Tovar positions the poster over the trunk of his champagne-colored, 1990s-era Toyota Corolla parked in the empty lot belonging to what used to be Acres of Books in Long Beach. The black-and-white poster advertised a show on Pearl Harbor Day, Dec. 7, 1984, at the now-defunct Grand Olympic Auditorium in downtown Los Angeles.

 

The background was splattered with the iconic photograph of Japanese fighter planes queuing up for their attack on Pearl Harbor and the words "SYNCHRONIZE WATCHES! ALL-AMERICAN SKANK-OFF!"

The lineup? One that would sell out venues even today, with Circle Jerks, the Vandals and Youth Brigade leading the pack.

Meanwhile, Paul Tollett is quietly thumbing through a well-preserved photo album, the kind with adhesive pages, picked at random from a pile stacked child-high that was sitting shotgun.

"Keith Morris," he says, gesturing to the photo. "From OFF! And Circle Jerks."

"Oh, look at this one!" Tovar exclaims, unfurling another oversized poster. "Remember Melody Dance Center?"

 

Another poster unraveled: "Oh, here's another one . . . the Damned."

 

And another: Fishbone, Bad Manners at Fender's Ballroom. Long Beach.

 

Another: "FUCK OFF, WANKERS!" is scrawled at the top.

 

"A show with a message," Tollett says.

 

"Who did Public Enemy?"

 

"That was March of '88," Tovar answers. "Or do you mean the [Santa Monica] Civic one?"

 

"N.W.A was at the Palladium; that was '87. That was their debut."

 

"Their debut? Huh."

 

The sun is just starting to dip below the buildings of downtown Long Beach, and the men are only beginning to reminisce. Tovar wears a freshly pressed, blue dress shirt over a white crew T-shirt.

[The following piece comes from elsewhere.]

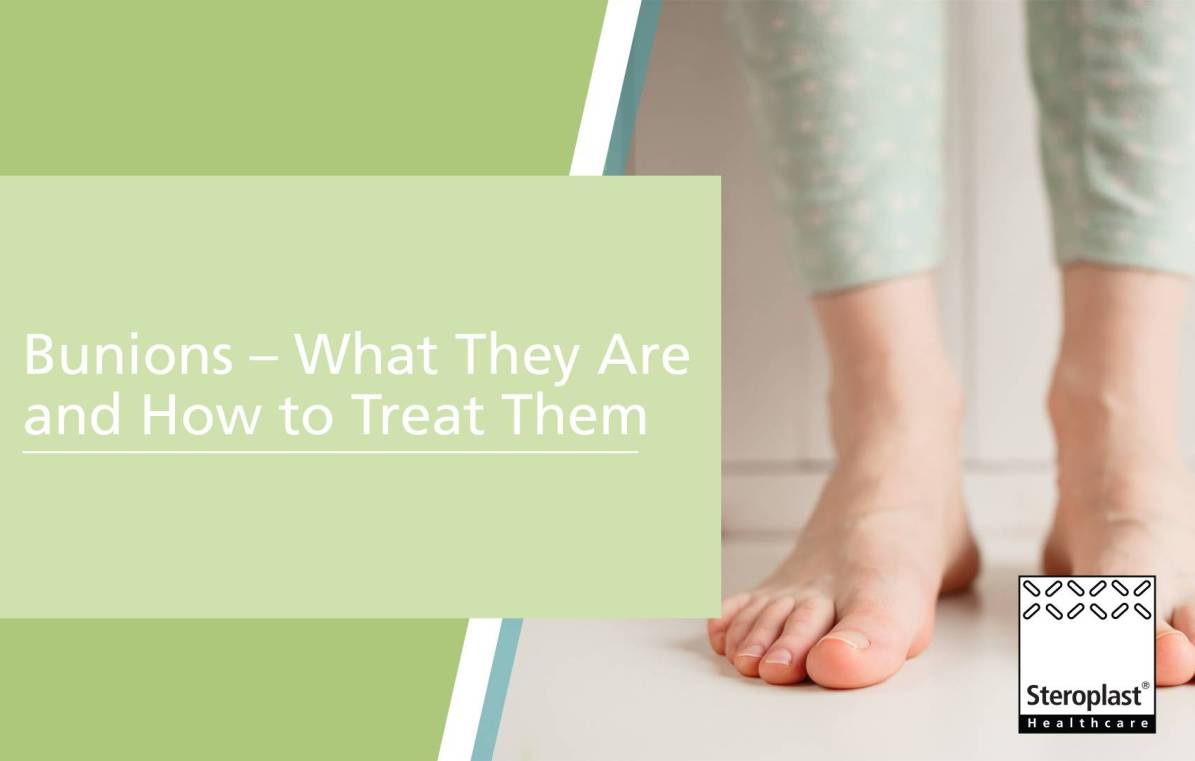 Bunions - What they are and how to treat them 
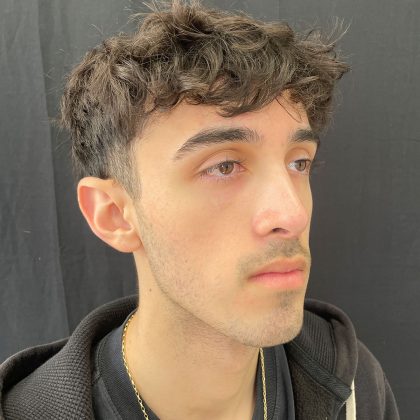 Rhinoplasty Before & After Patient #12093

Jeans, dark wraparound sunglasses and a pair of black Docs top it off. He's the founder of Goldenvoice Productions, the wildly influential Southern California concert-promotions company. With roots long-steeped in punk, Tovar and Goldenvoice helped usher the genre from small clubs scattered throughout the suburbs into all-ages, large-capacity venues such as the Palladium and the Olympic.

 

Tovar spent seven years in prison on charges of drug distribution and left Goldenvoice in the very capable hands of employees Tollett and Rick Van Santen. While the subsequent years weren't exactly the smoothest ones for the company, two decades and a little something called the Coachella Music and Arts Festival later, it has secured its reputation for gathering the best, most innovative artists together for bills that span from intimate clubs to Imperial Valley polo fields.

And this weekend, Goldenvoice celebrates 30 years of riots, organized mayhem and beautiful music over three days with a lineup straight from the early years of the company.

"There were many bands Goldenvoice helped along through the years," Tovar explains. "But this is a festival to help celebrate the bands who made Goldenvoice."